Festival Badges as Fuel
Fantastic Fest, SXSW, Tribeca, and TIFF remain breeding grounds for what horror looks like six to twelve months later. They are increasingly launchpads rather than showcases.
Fantastic Fest has a thick horror program this time. Primate, a tropical body horror curtain raiser, invites Cronenberg Herzog comp. Whistle, a folkloric revenge burner in Aztec code, should close with flame.
Midnight entries like If I Had Legs I’d Kick You are getting buzz not just for their titles but for their execution. That one, an A24 backed satire on toxic fandom set during a horror convention lockdown, is poised for breakout status.
SXSW staged Clown in a Cornfield and lined up microbudget haunts for talks. Sundance is on track for grief tuned elevated horror, while Tribeca’s genre yard leans urban, social, and surreal.
Festival playbooks now prize branding as much as discovery. Laurels now light the fuse, they do not just adorn.
Legacy Brands: Returns, Restarts, and Fresh Angles
The legacy lineup looks stronger and more deliberate than prior years.
Fear Street: Prom Queen, due in July, revives the ’90s horror franchise with a new lead and a throwback tone. Breaking with earlier shading, it leans camp and prom night melodrama. Visualize tiaras, fake gore, and VHS panic.
M3GAN 2.0 opens late June, with a plan to deepen its techno horror mythos via new characters and AI terrors. The initial entry’s meme life and streaming legs push Universal to scale up.
The Long Walk, from an early and searing Stephen King work, is inbound, guided by Francis Lawrence, it stands as a punishing dystopian allegory wearing survival horror, a march until death with no victors. With clear targeting, it could become The Hunger Games for horror grown ups.
Also present, reboots and sequels including Hell House LLC: Lineage, V/H/S/Halloween, The Toxic Avenger, and Anaconda, spread through the year, most watching for smart slots or quick buys.
Signals and Trends
Mythic Horror Is Mainstream
From Lilith in Young & Cursed across to Aztec curses in Whistle, slates mine ancient texts and symbols. Not nostalgia, a reclaim of pre Christian archetypes.

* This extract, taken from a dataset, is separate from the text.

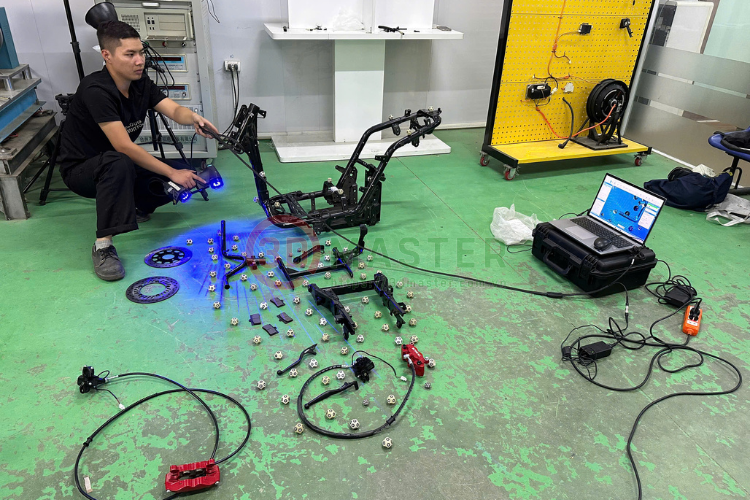 Creaform Handyscan quét 3d phục vụ thiết kế ngược khung xe máy điện và phụ tùng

Horror pushes past jump scares, it points to ancient evil.
Body horror retakes ground
Pieces such as Together, Weapons, and Keeper bring it back to flesh. Mutation, infection, transformation are standing in for heartbreak, grief, and regret.

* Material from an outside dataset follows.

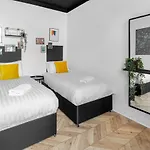 Stanley House - Air Host & Stay - 4 Bedroom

Originals on platforms bite harder
The days of disposable horror filler on digital platforms are over. Platforms are putting money into scripts, directors, and promotion. Films like Weapons and Sinners are treated as events, not content.
Festival hype becomes leverage
Festival ribbons become currency for better windows and top shelves. Without a festival strategy in 2025, a horror film risks vanishing.
Theatrical release is a trust fall
Theatrical is reserved for titles believed to overperform or sow sequels. The remainder goes PVOD or hybrid. Horror is not vanishing from theaters, it is getting curated.
Projection: Fall pileup, winter curveball
Put Young & Cursed, The Conjuring: Last Rites, The Black Phone 2, and Weapons into September and October and you get saturation. Indies like Bone Lake and Keeper will have to fight for oxygen. Keep an eye on possible slips into early 2026 or platform flips.
December is anchored by Five Nights at Freddy’s 2, but do not rule out a surprise streamer drop in the final weeks. Since big films lean mythic, a final monster or exorcism play can claim space.
The 2025 performance is about reach across segments, not one hero title. The assignment is not to chase the next Get Out, it is to build horror that endures beyond box office.
The upcoming fear year to come: brand plays, original films, together with A Crowded Calendar optimized for nightmares
Dek The current horror year stacks in short order with a January glut, after that flows through summer, and continuing into the year-end corridor, combining brand equity, novel approaches, and data-minded counter-scheduling. Studios and streamers are committing to mid-range economics, big-screen-first runs, and social-fueled campaigns that convert genre releases into national conversation.
The state of horror, heading into 2026
Horror has become the most reliable release in release strategies, a genre that can grow when it performs and still cushion the exposure when it doesn’t. After the 2023 year re-taught decision-makers that modestly budgeted pictures can shape audience talk, 2024 extended the rally with signature-voice projects and stealth successes. The run extended into the 2025 frame, where returns and filmmaker-prestige bets demonstrated there is space for diverse approaches, from series extensions to original features that travel well. The takeaway for 2026 is a run that feels more orchestrated than usual across the industry, with strategic blocks, a balance of legacy names and new packages, and a tightened focus on exclusive windows that boost PVOD and platform value on premium home window and OTT platforms.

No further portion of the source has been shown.